[Scraped caption text data]
= Beginning of Section =

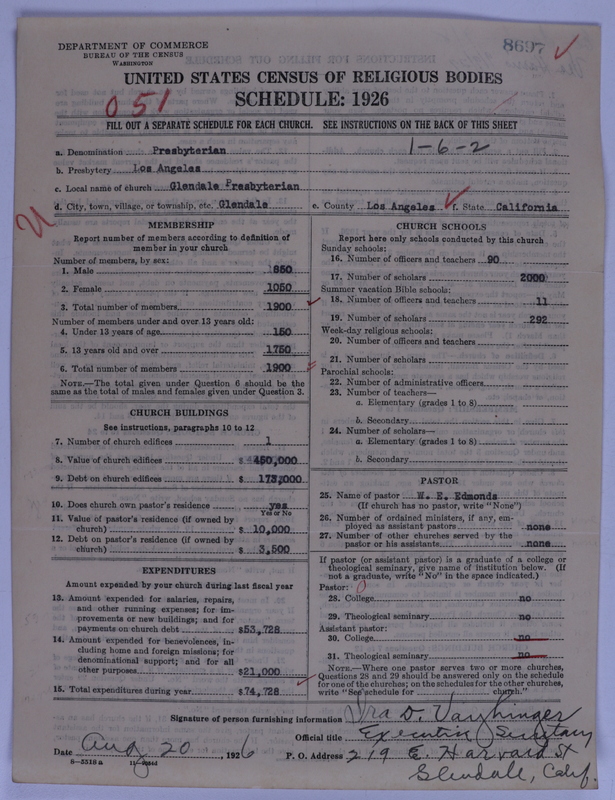 Scan of Presbyterian Church in the United States of America: 8697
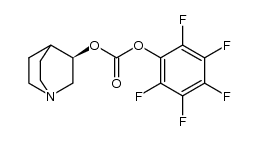 (3R)-1-azabicyclo[2,2,2]oct-3-yl pentafluorophenylcarbonate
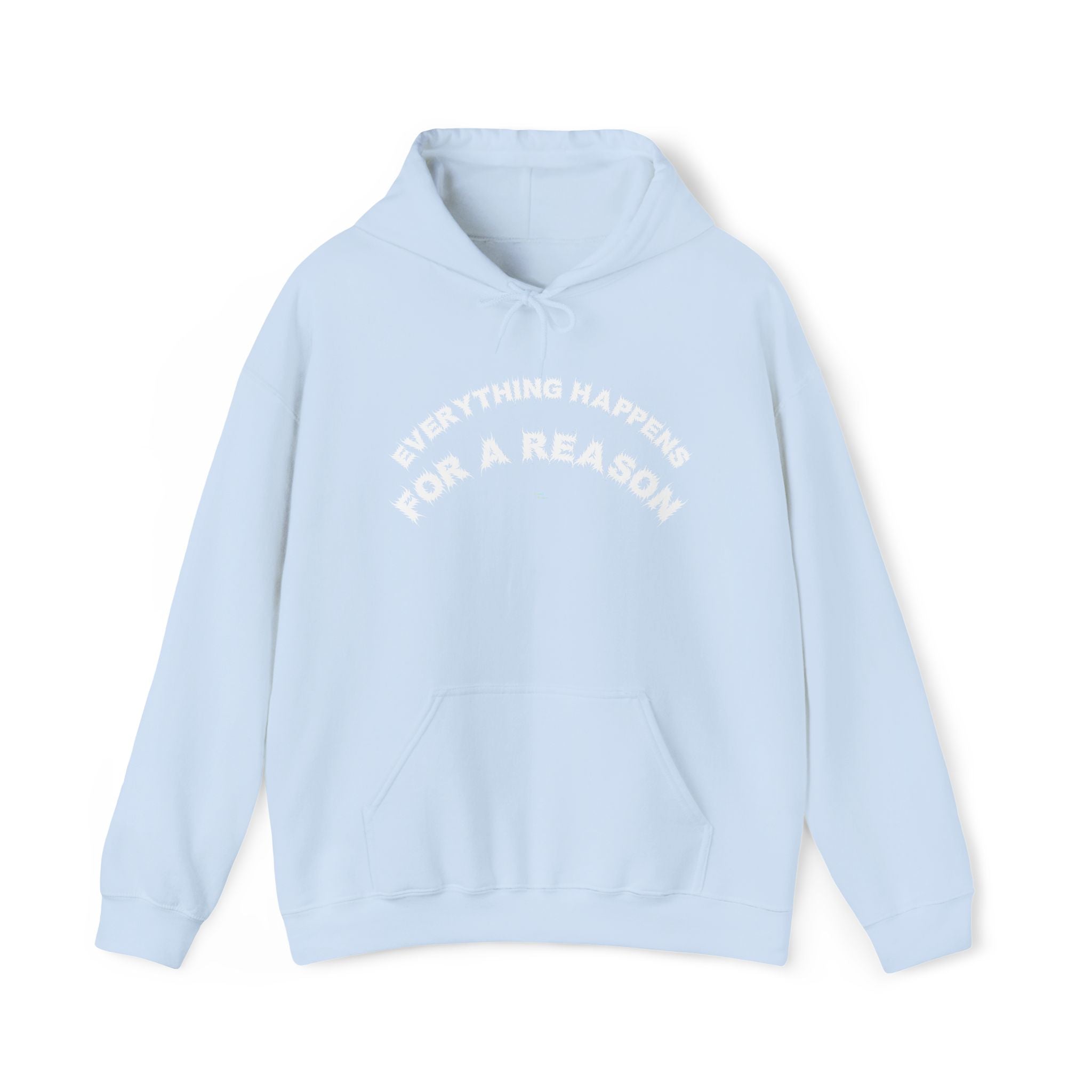 Bildsa Everything Happens White Text Hoodie
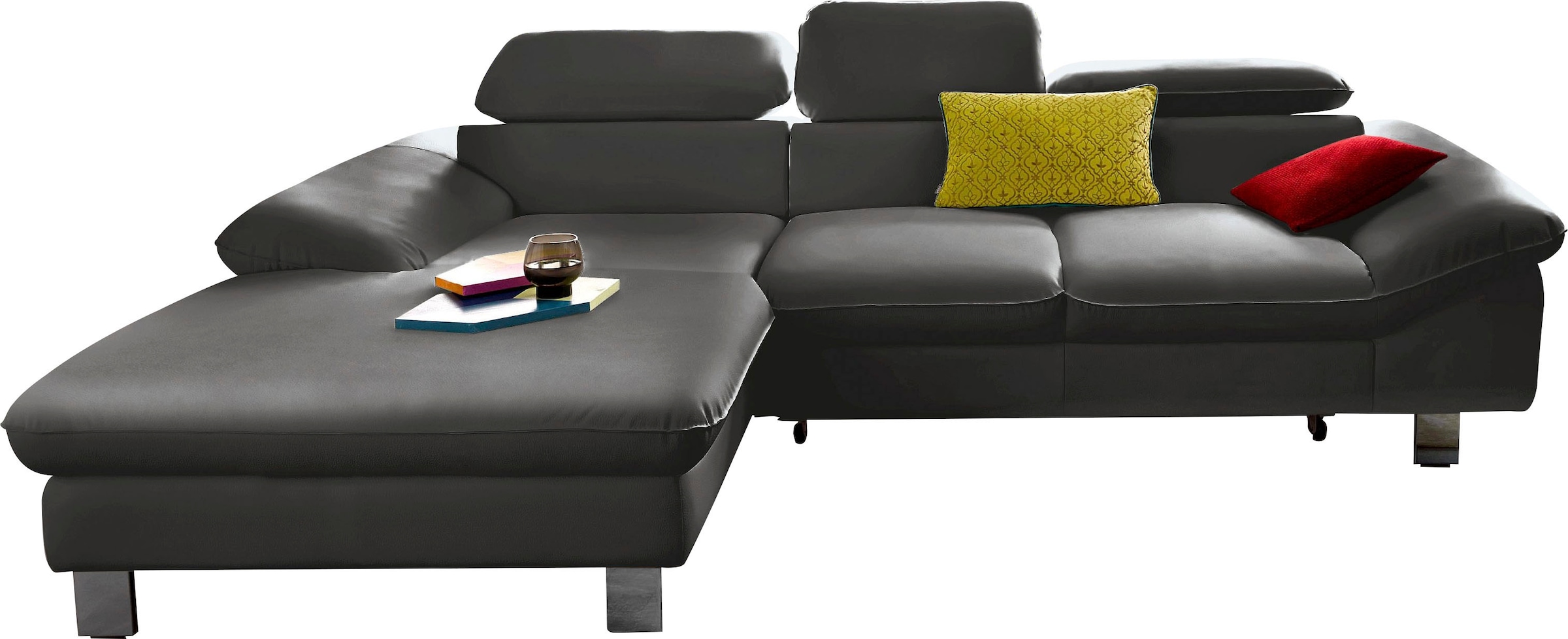 COTTA Ecksofa »Driver L-Form« mit Kopfteilverstellung, wahlweise mit Bettfunktion & Bettkasten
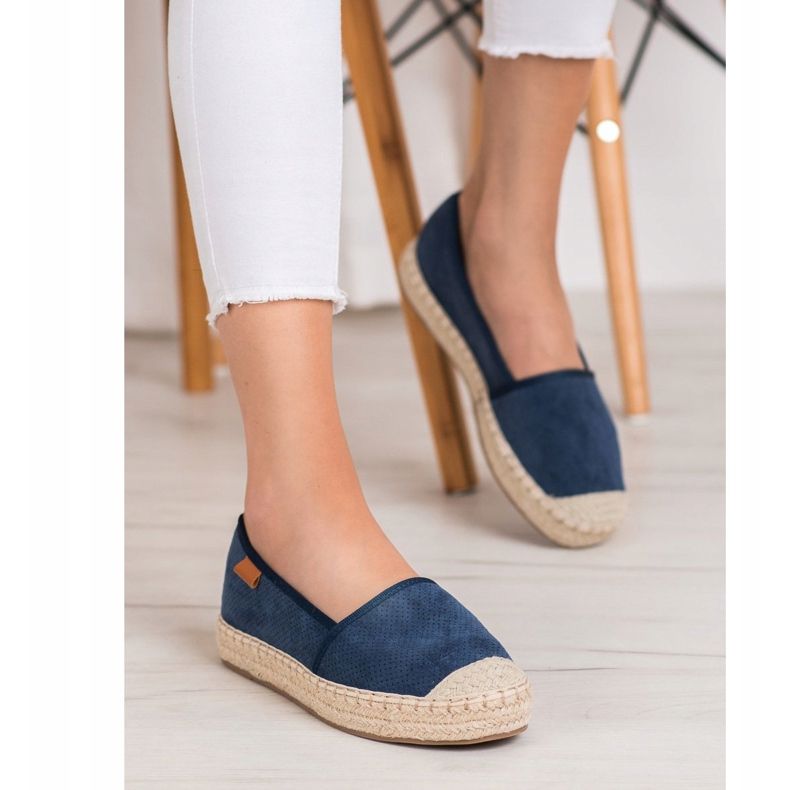 Goodin Espadrillas traforate blu navy 2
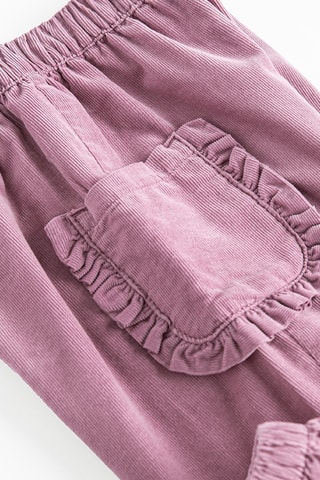 Pantalon en velours - Rose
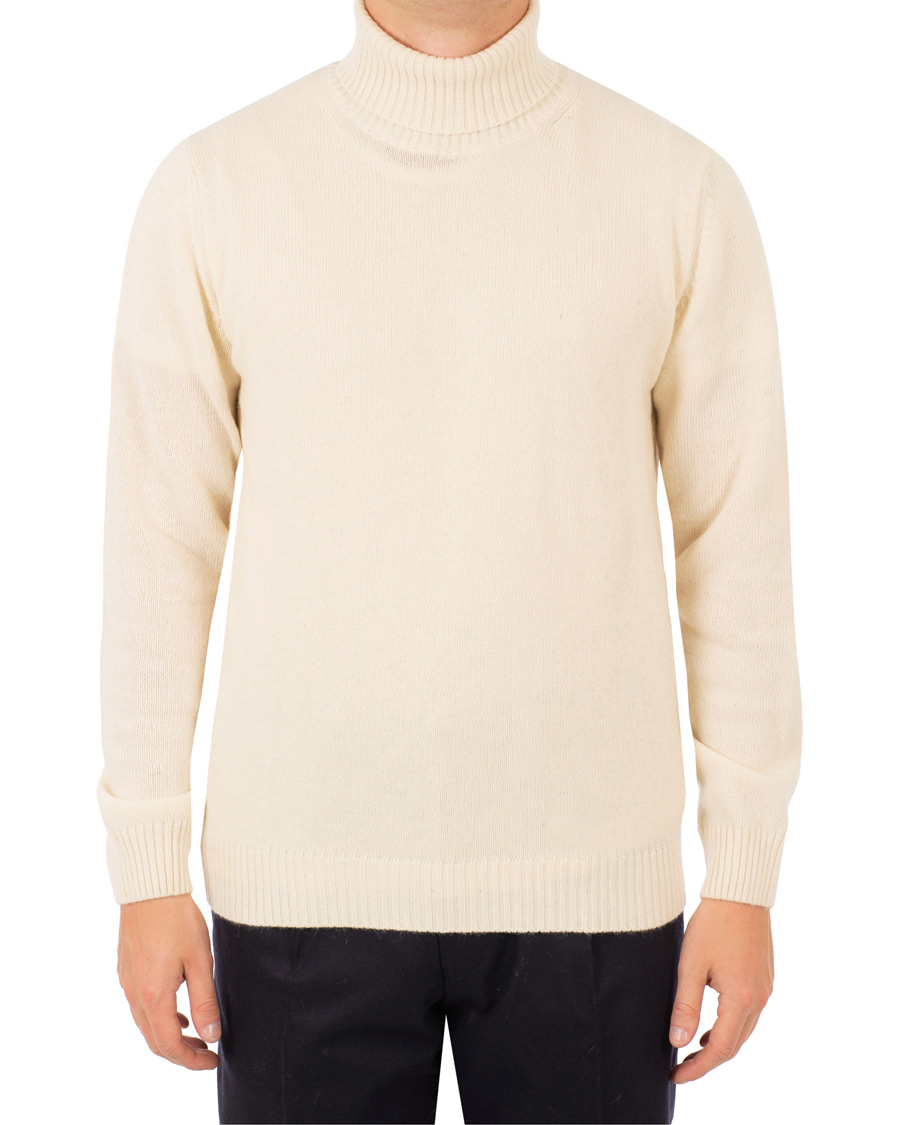 Herr | Tröjor | Oscar Jacobson | Kristopher Alpaca Wool Rollneck White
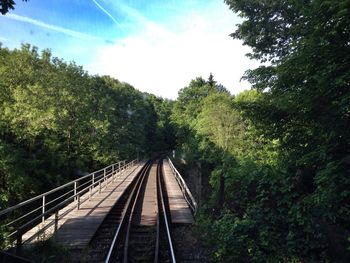 Railroad track on railroad track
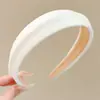 Diadema de punto estilo retro americano de ala ancha, de alta gama, adecuada para frentes amplias, a la moda, versátil para uso diario y para ir al trabajo, pinza para el pelo y accesorio para el cabello
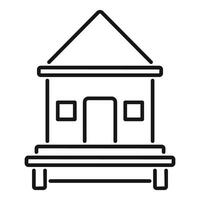 Outline icon of a simple house vector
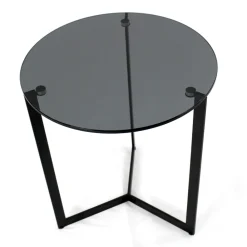 Viadurini Living Moderne Couchtische-Couchtisch aus Glas mit Stahlgestell, hergestellt in Italien – Aspira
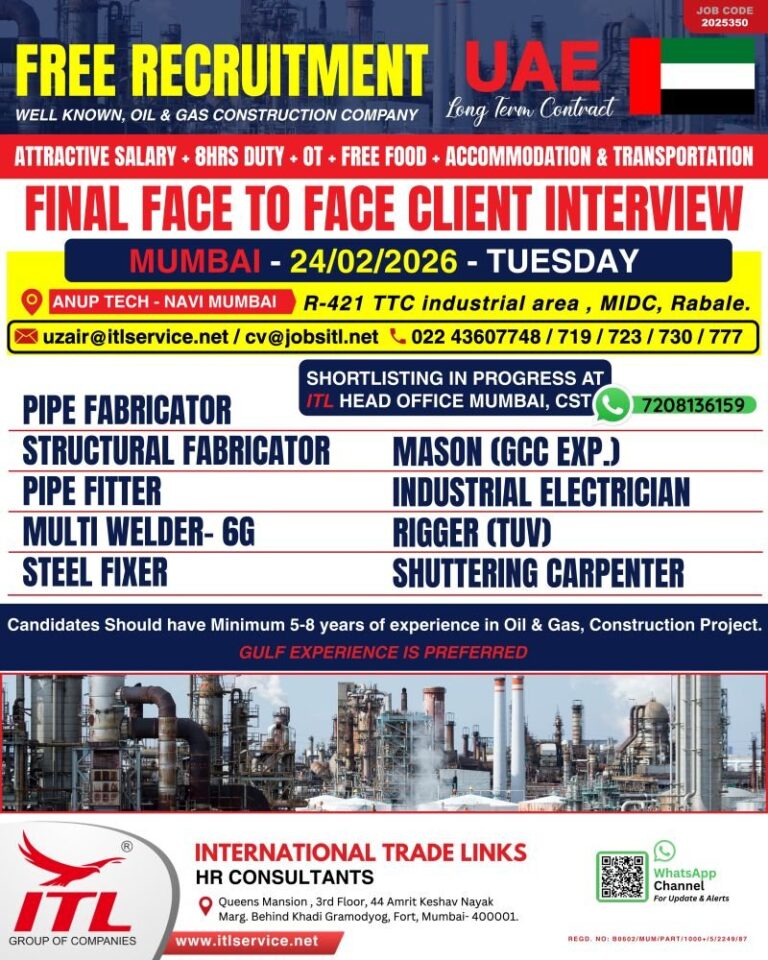 Pipe Fabricator Jobs in Gulf – Oil & Gas Construction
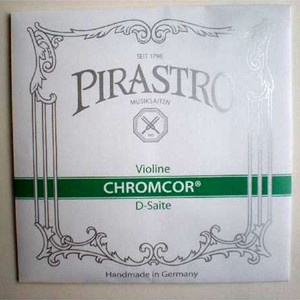 【メール便可】[PIRASTRO CHROMCOR]ピラストロ　クロムコア　バイオリン弦　4G　バラ弦 [4/4～1/32]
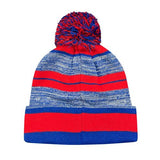 FC Barcelona Unisex Soccer Pom Pom Beanie Red - Youth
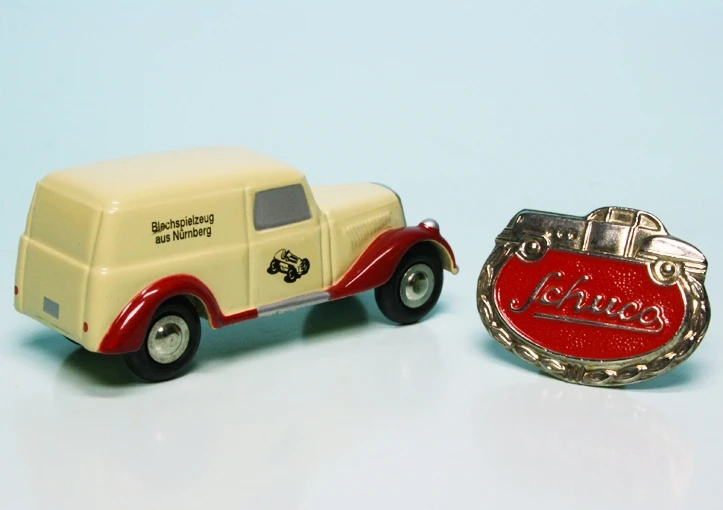 Schuco Piccolo Mercedes Benz 170V Kastenwagen "Handwerkerhof" 2 Schuco Piccolo Mercedes Benz 170V Kastenwagen "Handwerkerhof" – Bild 2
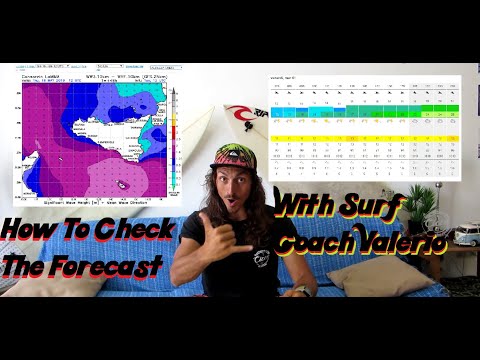 How to check the Forecast With Surf Coach Valerio - WAVE FORECAST MALTA - SURF IN MALTA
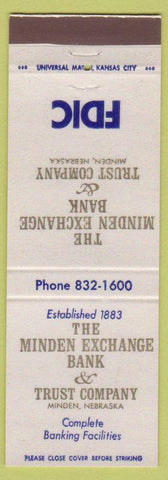 Matchbook Cover - Minden Exchange Bank Trust Minden NE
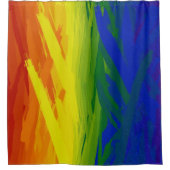 Regenboogontvlammen Douchegordijn (Voorkant)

= End of Section =

Repeat exactly the lines from the one containing "2 Schuco Piccolo" to the last line of the records above, including both, and leave out any pictures.

### Answer space
 Schuco Piccolo Mercedes Benz 170V Kastenwagen "Handwerkerhof" 2 Schuco Piccolo Mercedes Benz 170V Kastenwagen "Handwerkerhof" – Bild 2
 How to check the Forecast With Surf Coach Valerio - WAVE FORECAST MALTA - SURF IN MALTA
 Matchbook Cover - Minden Exchange Bank Trust Minden NE
 Regenboogontvlammen Douchegordijn (Voorkant)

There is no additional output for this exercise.